In the listing below, find the line with "Καλούπι σιλικόνης λουλούδι" and the line with "Oro amarillo y nombre simple negro". Repeat those two lines and all lines between them exactly.

## SUPPLIED ENTRIES
====
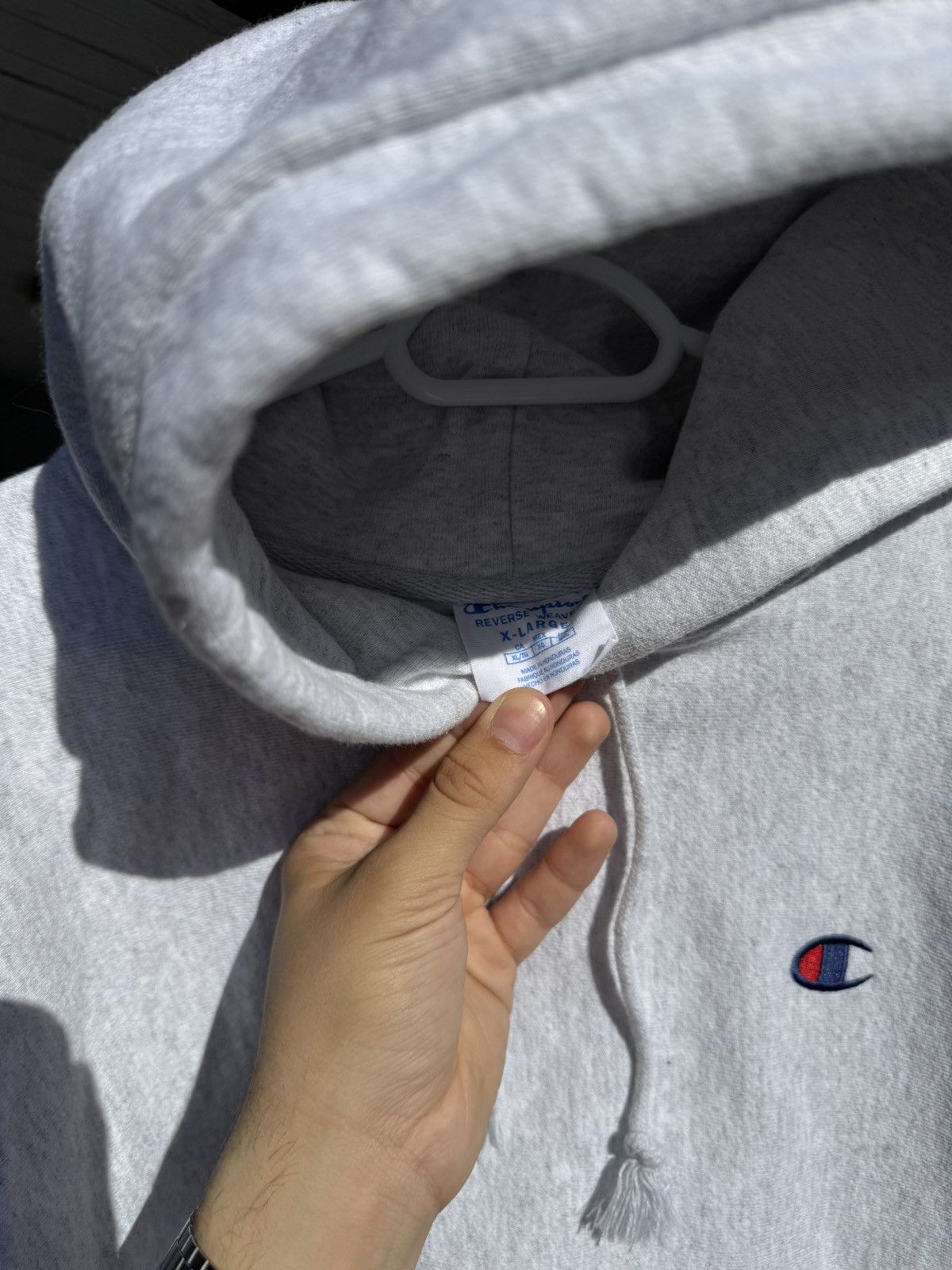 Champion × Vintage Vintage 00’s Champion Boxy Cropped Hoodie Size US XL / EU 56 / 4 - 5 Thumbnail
====
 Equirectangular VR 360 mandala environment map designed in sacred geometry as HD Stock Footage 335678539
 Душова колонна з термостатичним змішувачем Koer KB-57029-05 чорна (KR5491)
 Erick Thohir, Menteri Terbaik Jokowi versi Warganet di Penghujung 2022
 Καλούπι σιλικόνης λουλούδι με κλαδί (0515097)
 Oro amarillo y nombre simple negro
====
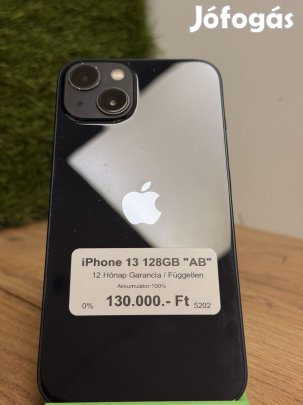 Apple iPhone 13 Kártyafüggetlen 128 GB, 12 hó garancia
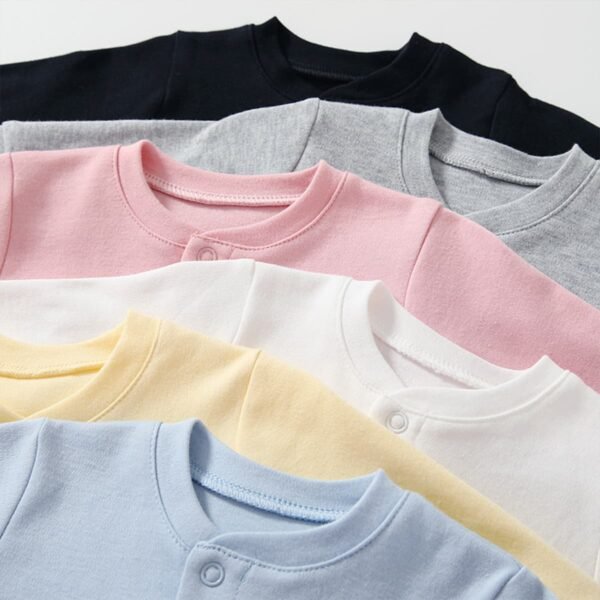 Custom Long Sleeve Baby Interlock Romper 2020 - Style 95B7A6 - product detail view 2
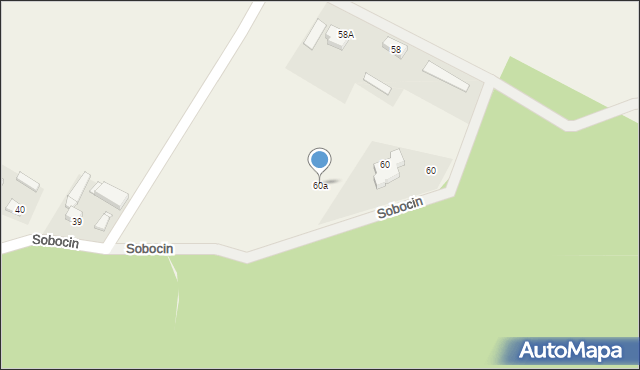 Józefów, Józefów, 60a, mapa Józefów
====
## TASK SOLUTION
 Καλούπι σιλικόνης λουλούδι με κλαδί (0515097)
 Oro amarillo y nombre simple negro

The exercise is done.